When to use --include-cold: If you're searching for something very old or obscure that didn't appear in results, add this flag to force a full scan.

When to run gc: Never, unless you care about disk space. Auto-triggers at 80MB DB size. recall gc --dry-run previews what would be deleted. recall gc actually deletes low-score memories (score < 0.5, rarely accessed).

What tiered storage does NOT change:

Query syntax is identical
No configuration files to edit
No cron jobs or background processes
Schema migration is automatic on pip install --upgrade

FAQ

Q: Can hardcoded hot/warm capacity limits cause thrashing?

No.
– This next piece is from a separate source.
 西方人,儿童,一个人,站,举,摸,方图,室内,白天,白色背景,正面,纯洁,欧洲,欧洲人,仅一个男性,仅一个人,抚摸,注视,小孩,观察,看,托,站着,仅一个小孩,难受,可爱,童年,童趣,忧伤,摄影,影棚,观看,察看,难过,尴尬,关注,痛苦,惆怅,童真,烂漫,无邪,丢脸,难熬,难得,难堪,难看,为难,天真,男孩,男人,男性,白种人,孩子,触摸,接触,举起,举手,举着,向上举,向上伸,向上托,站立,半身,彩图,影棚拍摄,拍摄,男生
Three layers of protection:

24h cooldown — a demoted memory cannot be promoted back for 24 hours
Lifetime threshold — access_count ≥ 3 required before promotion triggers
Batch operation — replenish_hot() runs during writes, not on the query path

Q: What state does a query see while promote/demote is in progress?

SQLite WAL mode guarantees every reader sees a complete snapshot of the transaction as it began. There is no "tier updated but vector not yet written" intermediate state.
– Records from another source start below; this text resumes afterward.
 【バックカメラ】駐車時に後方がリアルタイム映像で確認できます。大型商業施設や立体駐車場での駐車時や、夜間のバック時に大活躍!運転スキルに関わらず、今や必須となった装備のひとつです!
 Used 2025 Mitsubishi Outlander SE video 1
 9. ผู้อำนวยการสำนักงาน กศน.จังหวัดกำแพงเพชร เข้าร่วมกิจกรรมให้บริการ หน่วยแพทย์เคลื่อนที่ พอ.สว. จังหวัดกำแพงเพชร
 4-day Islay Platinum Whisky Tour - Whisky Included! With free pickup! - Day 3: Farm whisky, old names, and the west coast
However, promote is not a single atomic operation:

UPDATE tier='hot' → commit
INSERT vec_embedding → commit

A crash between step 1 and step 2 leaves a tier=hot memory with no vector. This memory is still retrievable via keyword+FTS5 — it just won't appear in ANN search results until reindexed.

Q: Can frequent writes bloat the WAL file beyond 80MB?

These are two different numbers:

80MB is the eviction threshold for the main DB file (auto-delete low-score memories), not the WAL size
WAL is a temporary journal; auto-checkpoint (~4MB default) flushes it back to the main DB and clears it

Promote/demote does not fire on every write. It triggers in two cases:

A cold memory is hit during query (cold→warm promote)
The main DB exceeds 80MB (GC demotion)

Each promote is 1-2 INSERT/DELETE statements, not hundreds of rows. The current DB is 32MB — far below the 80MB threshold.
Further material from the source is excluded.